- Exercise objective
Your answer must be an exact retyping of the line containing "Eli Genceli - Elbbet 2023" and every line after it through the end of the records below, with no pictures and nothing else.

________________

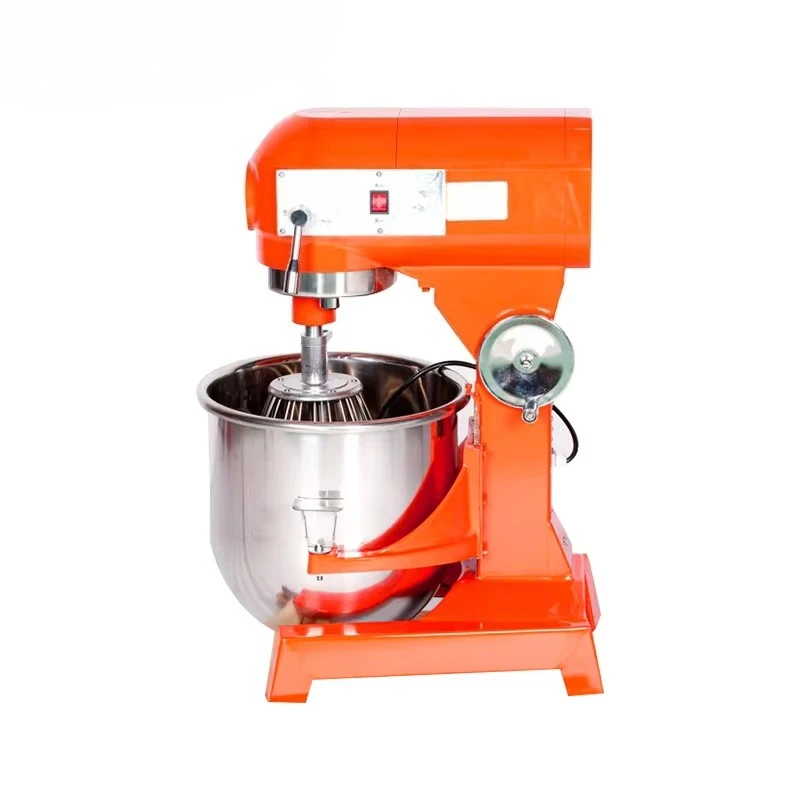 خلاط عجين كهربائي للمخبوزات وا - مراجعة Kitchen With Baking Area وسعره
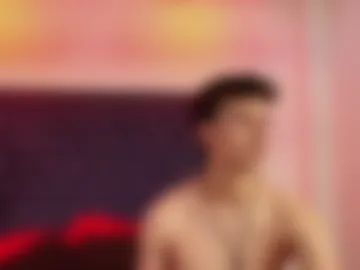 melody_n_jack webcam preview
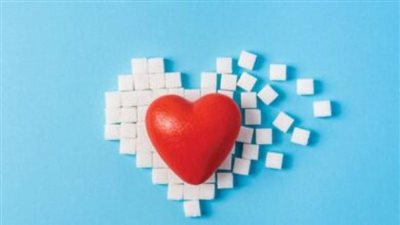 1 من كل 5 أشخاص يصابون به .. طرق الوقاية من مرض السكري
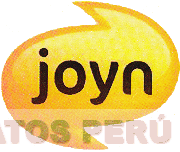 JOYN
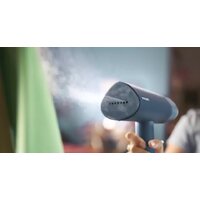 Отпариватель Philips STH3000/20 - Превью изображения №5 — Интернет-магазин ПроЗаказ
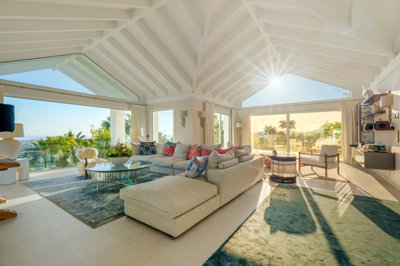 b98le8d7m9k3degpefzhs0lif8u4xzvzhwxtmggyekxx9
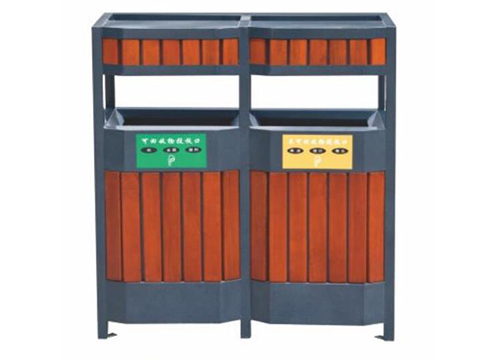 �ľ����Ͱϵ��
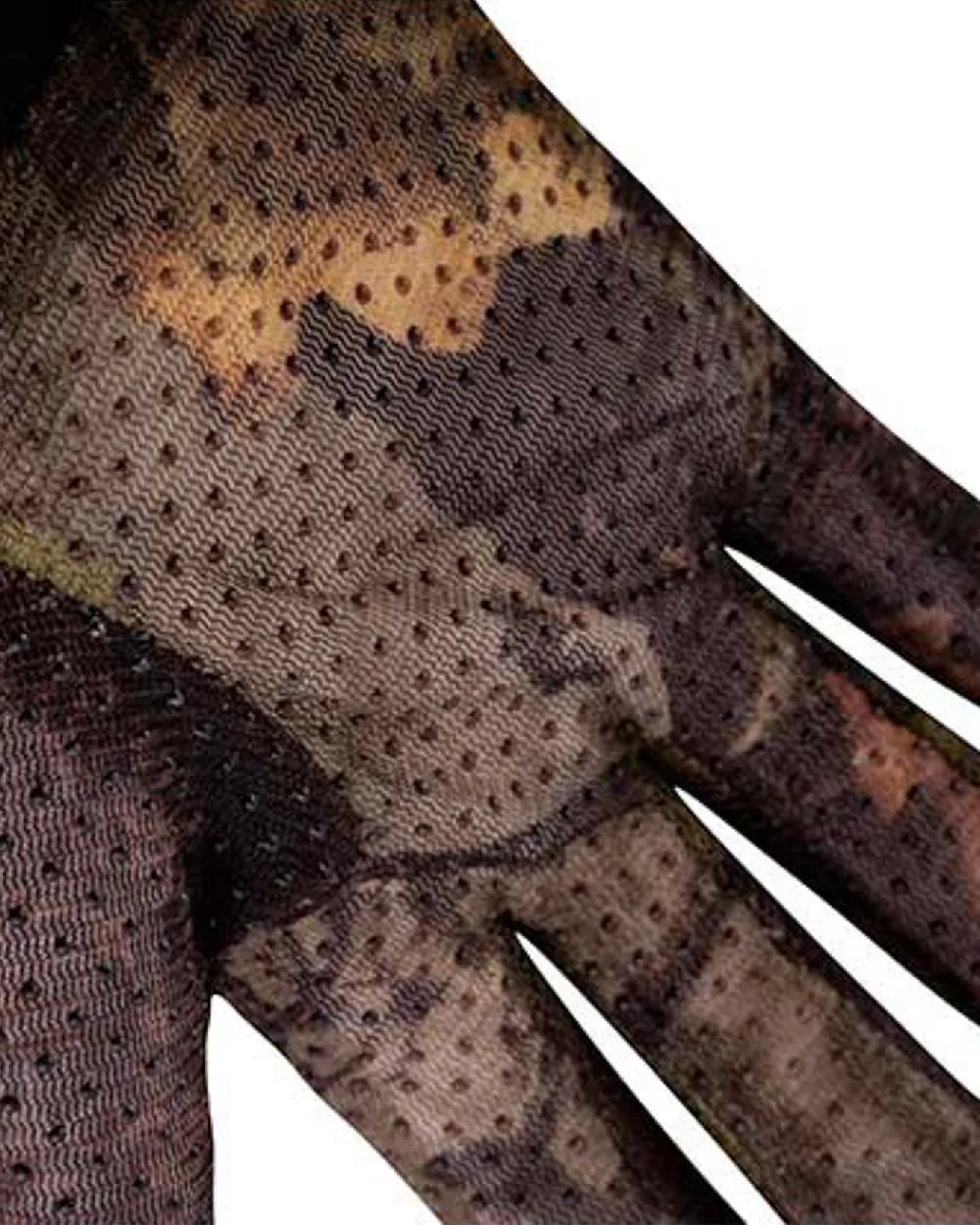 Jack Pyke Mesh Gloves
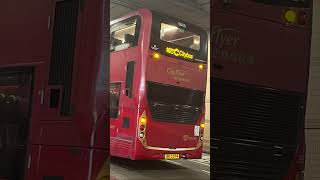 CTB A12 UN3379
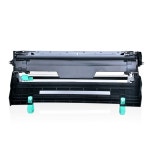 DK 150 153 173 1370 2135 170 P2035 1120 1035 KM2810 493011 FS1028 302H 2535 M2035 1320 2820 유닛 1135 : 에덴루트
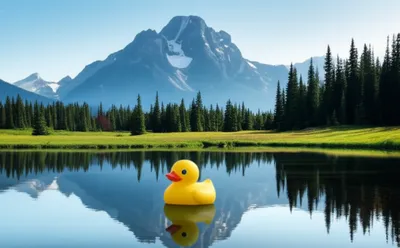 Illustration jarring - Image 1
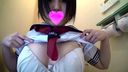 ★ Main story face / selfie masturbation★ munyumunyu huge breasts fir fir show shaved girl inserts two fingers Zuboona selfie ★FULL HD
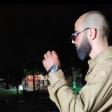 Eli Genceli - Elbbet 2023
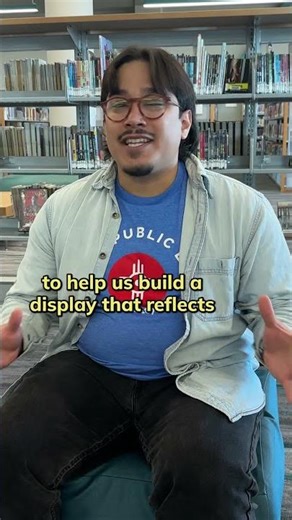 Wichita Public Library's 150th Anniversary! #wpl150 #wichita #library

________________

- Written reply
 Eli Genceli - Elbbet 2023
 Wichita Public Library's 150th Anniversary! #wpl150 #wichita #library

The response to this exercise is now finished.